_Given entries_:
★ ★ ★ ★

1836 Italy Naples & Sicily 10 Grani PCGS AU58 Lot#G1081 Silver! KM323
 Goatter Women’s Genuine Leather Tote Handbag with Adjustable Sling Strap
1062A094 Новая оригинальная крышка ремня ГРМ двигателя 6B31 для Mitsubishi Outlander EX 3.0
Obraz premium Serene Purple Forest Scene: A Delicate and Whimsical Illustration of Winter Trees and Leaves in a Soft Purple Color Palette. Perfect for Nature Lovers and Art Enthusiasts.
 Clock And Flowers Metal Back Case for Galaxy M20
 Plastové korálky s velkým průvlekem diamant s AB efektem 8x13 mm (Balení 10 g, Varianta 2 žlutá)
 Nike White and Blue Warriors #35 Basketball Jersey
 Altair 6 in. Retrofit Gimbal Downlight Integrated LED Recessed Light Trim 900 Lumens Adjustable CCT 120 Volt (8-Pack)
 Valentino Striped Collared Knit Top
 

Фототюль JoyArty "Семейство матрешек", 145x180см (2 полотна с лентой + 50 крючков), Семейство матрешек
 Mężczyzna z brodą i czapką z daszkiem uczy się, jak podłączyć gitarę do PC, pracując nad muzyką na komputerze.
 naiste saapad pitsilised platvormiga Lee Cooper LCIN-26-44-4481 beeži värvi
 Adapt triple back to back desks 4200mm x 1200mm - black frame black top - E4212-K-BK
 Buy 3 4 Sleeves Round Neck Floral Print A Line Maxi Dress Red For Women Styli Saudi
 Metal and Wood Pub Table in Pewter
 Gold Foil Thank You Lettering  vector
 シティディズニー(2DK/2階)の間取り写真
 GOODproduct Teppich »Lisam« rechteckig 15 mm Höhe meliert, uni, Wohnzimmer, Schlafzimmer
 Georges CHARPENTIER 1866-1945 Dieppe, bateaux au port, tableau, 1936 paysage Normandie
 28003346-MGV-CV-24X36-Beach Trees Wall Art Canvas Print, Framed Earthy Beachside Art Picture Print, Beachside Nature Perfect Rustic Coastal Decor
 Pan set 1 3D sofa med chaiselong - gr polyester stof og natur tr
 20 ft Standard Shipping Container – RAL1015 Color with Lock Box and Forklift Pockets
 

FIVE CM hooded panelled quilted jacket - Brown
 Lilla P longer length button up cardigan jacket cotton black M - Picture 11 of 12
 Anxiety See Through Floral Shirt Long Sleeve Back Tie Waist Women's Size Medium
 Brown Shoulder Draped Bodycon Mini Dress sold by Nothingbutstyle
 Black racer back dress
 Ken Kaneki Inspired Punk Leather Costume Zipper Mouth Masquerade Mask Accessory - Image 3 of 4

★ ★ ★ ★

_Exercise_:
Everything above from the line containing "Valentino Striped Collared Knit Top" down to the line containing "Gold Foil Thank" should be copied exactly, both end lines included, and nothing else.

_Output of the task_:
 Valentino Striped Collared Knit Top
 

Фототюль JoyArty "Семейство матрешек", 145x180см (2 полотна с лентой + 50 крючков), Семейство матрешек
 Mężczyzna z brodą i czapką z daszkiem uczy się, jak podłączyć gitarę do PC, pracując nad muzyką na komputerze.
 naiste saapad pitsilised platvormiga Lee Cooper LCIN-26-44-4481 beeži värvi
 Adapt triple back to back desks 4200mm x 1200mm - black frame black top - E4212-K-BK
 Buy 3 4 Sleeves Round Neck Floral Print A Line Maxi Dress Red For Women Styli Saudi
 Metal and Wood Pub Table in Pewter
 Gold Foil Thank You Lettering  vector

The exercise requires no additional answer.